Hybrid Extractive-Abstractive Summarization

# Source: TalkLess research paper, 2025
import nltk
from transformers import pipeline

class HybridSummarizer:
    def __init__(self):
        self.extractor = self._build_extractive_pipeline()
        self.abstractive = pipeline("summarization")
    
    def compress_conversation(self, text, target_ratio=0.3):
        # Extract key sentences first
        key_sentences = self.extractive.extract(text, num_sentences=int(len(text.split('.')) * target_ratio))
        # Then generate abstractive summary
        return self.abstractive(key_sentences, max_length=int(len(text) * target_ratio))

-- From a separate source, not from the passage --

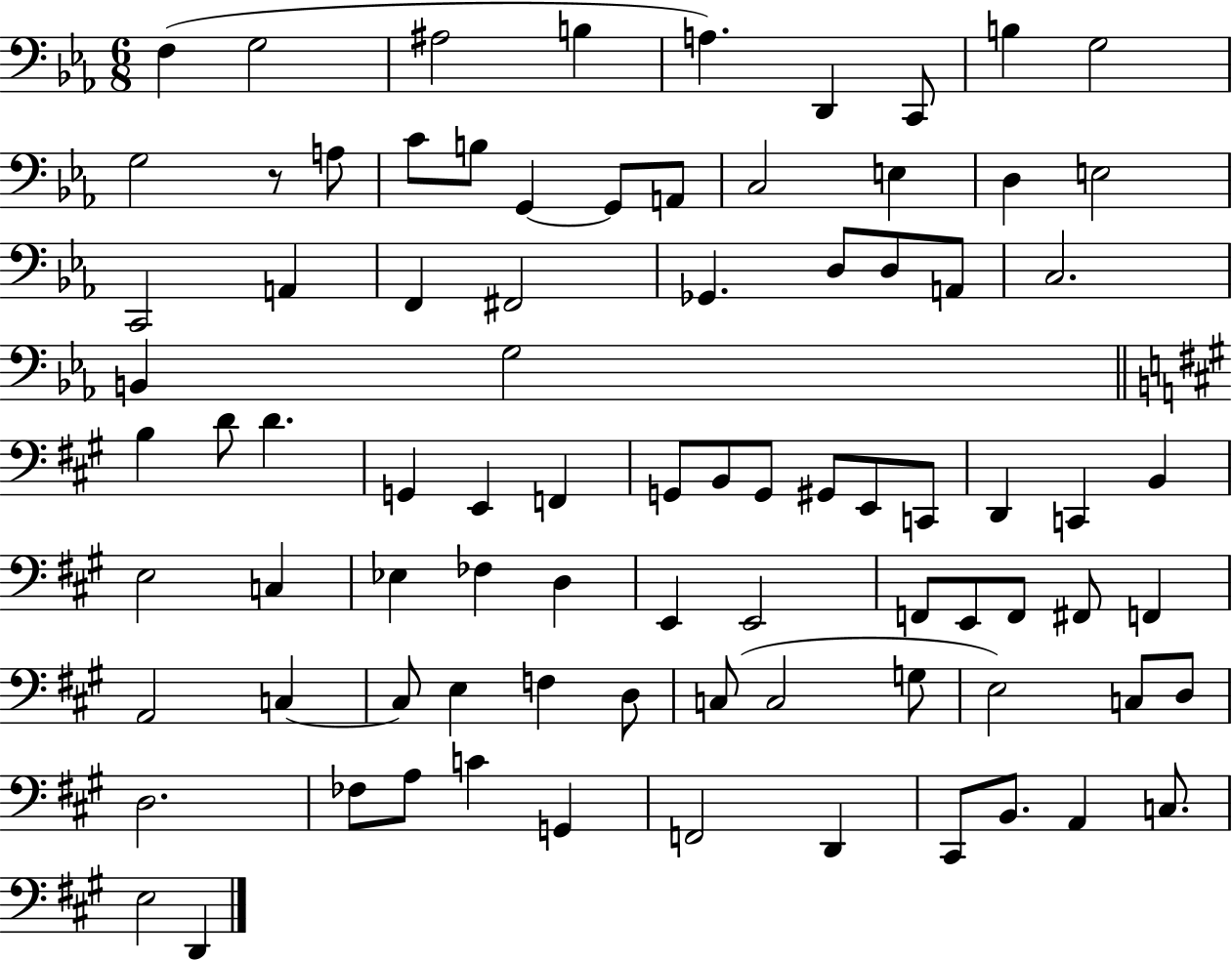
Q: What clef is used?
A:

Memory Compression with Age Tiers

# Source: Multiple AI memory frameworks
from datetime import datetime, timedelta
import json

class MemoryCompressor:
    def __init__(self):
        self.compression_levels = {
            7: "full",      # Last 7 days: full content
            30: "key_points", # 7-30 days: key points
            90: "summary",    # 30-90 days: brief summary
            365: "metadata"   # 90+ days: metadata only
        }
    
    def compress(self, conversation):
        age_days = (datetime.now() - conversation.timestamp).days
        level = self.get_compression_level(age_days)
        return self.apply_compression(conversation, level)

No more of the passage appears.